The next macro was created because I wanted a similar behavior to alt_complete! but returns a Option<...>.

macro_rules! opt_complete(
    ($i:expr, $submac:ident!( $($args:tt)* )) => (
    {
        let i_ = $i.clone();
        match $submac!(i_, $($args)*) {
            IResult::Done(i,o)     => IResult::Done(i, ::std::option::Option::Some(o)),
            _                      => {
                let res: IResult<_,_> = IResult::Done($i, ::std::option::Option::None);
                res
            },
        }
    }
    );
    ($i:expr, $f:expr) => (
        opt_complete!($i, call!($f));
    );
);

The usage for both macros will be seen in the following snippets.

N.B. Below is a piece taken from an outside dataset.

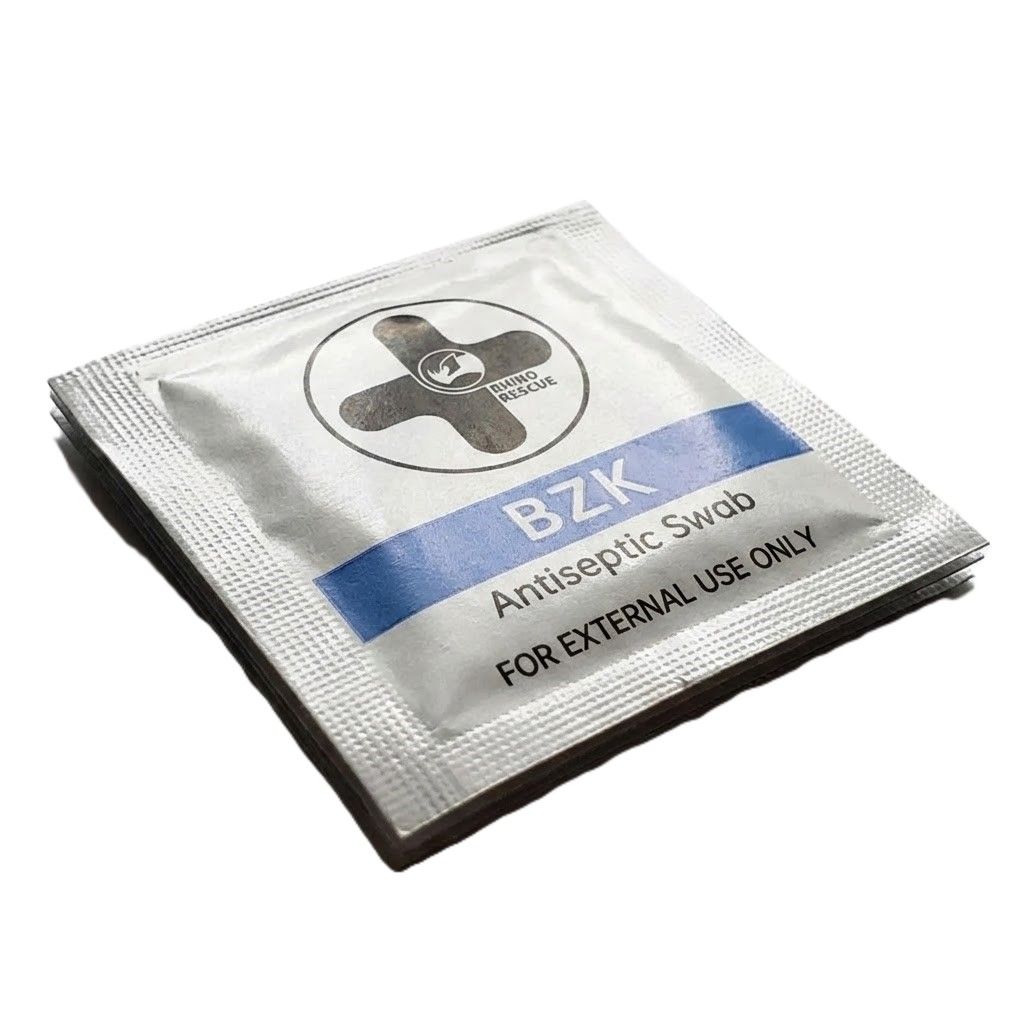 Салфетка антисептическая RHINO Rescue BZK Antiseptic Swab, фото 5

Alright so now we have to parse the possible combinations of expressions, similar to what was done in the lexer.

Parsing Labels

First is the easiest. Parsing labels. Labels are processed independently of the rest of the Tokens so they make up their own expressions.

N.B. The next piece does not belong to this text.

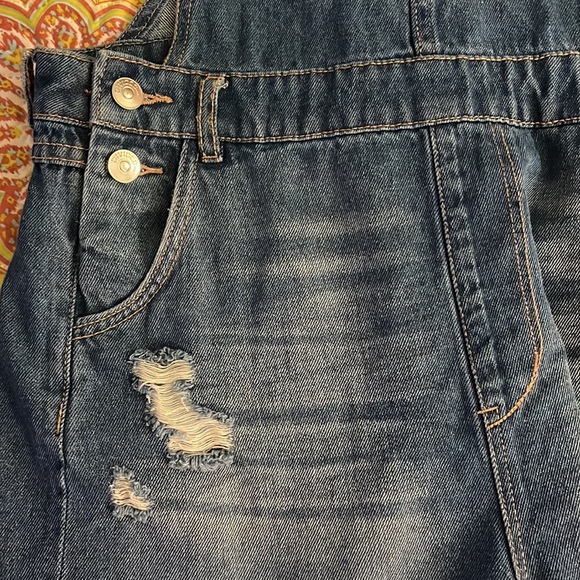 Distressed Denim Overall Shorts - Picture 8 of 8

/// parse labels from tokens
named!(parse_label<&[Token], Expression>,
    do_parse!(
        label: tag_token!(Token::Label(_)) >>
        (vec![label])
    )    
);

Parsing directives

/// parse directive
named!(parse_directive<&[Token], Expression>,
    do_parse!(
        directive: tag_token!(Token::Directive(_)) >>
        nums: many1!(tag_token!(Token::NumericLiteral(_))) >>
        ({
            let mut ret = vec![directive];
            for n in nums.iter() {
                ret.push((*n).clone());
            }

            ret
        })
    )
);

The specific directives I’ve implemented,org and db, follow this pattern. A directive token followed by one or more numeric literal tokens.

Parsing Instructions

/// parse instructions
named!(parse_instructions<&[Token], Expression>,
    do_parse!(
        instr: tag_token!(Token::Instruction(_)) >>
        operand1: opt_complete!(alt_complete!(
            tag_token!(Token::Register(_)) |
            tag_token!(Token::NumericLiteral(_)) |
            tag_token!(Token::LabelOperand(_))
        )) >>
        opt_complete!(tag_token!(Token::Comma)) >>
        operand2: opt_complete!(alt_complete!(
            tag_token!(Token::Register(_)) |
            tag_token!(Token::NumericLiteral(_)) |
            tag_token!(Token::LabelOperand(_))
        )) >>
        opt_complete!(tag_token!(Token::Comma)) >>
        operand3: opt_complete!(tag_token!(Token::NumericLiteral(_))) >>
        ({
            let mut ret = vec![instr];
            if let Some(operand1) = operand1 {
                ret.push(operand1);
            }
            if let Some(operand2) = operand2 {
                ret.push(operand2);
            }
            if let Some(operand3) = operand3 {
                ret.push(operand3);
            }

            ret
        })
    )
);

Parsing the instructions is a little more involved but not complicate. First step is to tag an instruction token. Then optionally tag the possible operands. There is the potential that a instruction has thress operands their type can be Register, NumericLiteral and LabelOperand

Parse all Expressions

/// parse expressions from the token stream
named!(parse_expressions<&[Token], Vec<Expression>>,
    do_parse!(
        exprs: many0!(
            alt_complete!(
                parse_directive |
                parse_label |
                parse_instructions
            )
        ) >>
        (exprs)
    )
);

Just like in the lexer we create a parser to parse all possible expression combinations.

/// parse expressions from tokens
pub fn parse(tokens: Vec<Token>) -> Result<Vec<Expression>, ParserError> {
    let result = parse_expressions(&tokens[..]);

    match result {
        IResult::Done(_, exprs) => Ok(exprs),
        _ => Err(ParserError{message: String::from("Error parsing tokens")})
    }
}

Create a function that uses the combined parser.